We live in a world chock full of digital noise. Print ads in newspapers and magazines, billboards, and radio and tv spots are, in many ways, the previous generation’s annoyances. Now we have Twitter feeds, Facebook walls, Instagram albums and favorite Pinterest boards all saying, “Look at me now!” And each of those channels has been invaded by advertising. Social media is no longer just a great way to keep up friends and family; it’s a platform for fake news about celebrities and snake-oil products promising to cure what ails us. Cleverly worded emails mind trick us into opening them, digital display advertising creepily stalks us through our browsing sessions, and push notifications continue to haunt us even after we’ve closed that session down.
Users have developed a partial immunity to this constant barrage of signals begging for our attention. The more noise that invades the space, the harder it is for marketers to cut through and get a genuine message across in an effective way. Right now, nowhere is this digital noise greater than in email. Some people seek email zen through inbox zero, but those of us in the less-enlightened mass struggle just to separate the important messages from the background noise.
The Digital Doorman: Great for Users, Bad for Marketers
Email clients got wise to this struggle and introduced a new feature I call the digital doorman. It’s like spam filtering logic applied to non-spam email. If you’re one of the many people like me, you use Google’s Gmail for your personal or business email. Back in 2013, Gmail rolled out a series of buckets they call “Categories” inside their email interface (video overview). Default categories include Primary, Social, Promotions, Updates and Forums, but you can add more if you like.
When this feature was introduced, suddenly Social and Promotions began to eat a huge amount of my email traffic and kept it out of my way by sequestering it. Gmail gave me a digital doorman—an email bouncer—to usher emails I’m less likely to find important into separate buckets that I can refer to later. Even better, I didn’t have to do anything. This is great for me, but bad for email marketers everywhere, because unless I’m shopping online and need to mine my correspondence for a coupon, I almost never refer to these sequestered emails later.
The Solution: Personalized Marketing
What are email marketers to do? One simple tactic is personalizing the subject line. Emails are 26% more likely to be opened if the subject line includes the recipient’s name. It’s just basic psychology; people love hearing their own name or seeing it in print. But what if that email is still stopped by the digital doorman?
The best way to combat this is to recognize that email is not the digital marketing channel it once was, and to meet your customers where they are by diversifying your marketing efforts into a range of personalized marketing. Personalization means giving people a customized shopping experience based on their interests, buying behavior, demographics and other information you may know about them. Ads, apps, chats, calls to action (CTAs), product recommendations, and other digital content can all be personalized to target specific users or user groups and drive customer engagement.

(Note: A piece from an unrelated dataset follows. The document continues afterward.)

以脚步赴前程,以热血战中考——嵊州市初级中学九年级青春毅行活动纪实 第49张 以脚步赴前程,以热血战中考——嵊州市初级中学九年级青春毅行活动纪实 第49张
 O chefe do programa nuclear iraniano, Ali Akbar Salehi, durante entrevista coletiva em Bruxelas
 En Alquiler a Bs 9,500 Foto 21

Personalized content is an investment. Understanding your target markets well enough to provide reliably interesting content requires research, data, time, and thought. But the payoff is worth the investment. If you consistently and accurately provide content your target audience appreciates, you build trust. They begin to look for your emails, ads, or social media posts, because they know it will provide something they’re interested in. In this way, buyers become repeat buyers, and then loyal fans and followers.
Quite simply, personalization is one of the most powerful tools digital retailers and marketers have to combat ad blindness and cut through the digital marketing noise. It’s more than appreciated; it’s becoming expected. A survey by Experian found that 86% percent of brands are using some kind of personalization to build customer trust and loyalty. If content personalization isn’t something you’re investing in yet, you are ceding ground to the competition who is. Technology will keep progressing, and new email tools or clever filtering devices will continue to evolve. But brand trust will always cut through background noise, and if you cultivate it, the loyalty of faithful fans will be an asset you can rely on.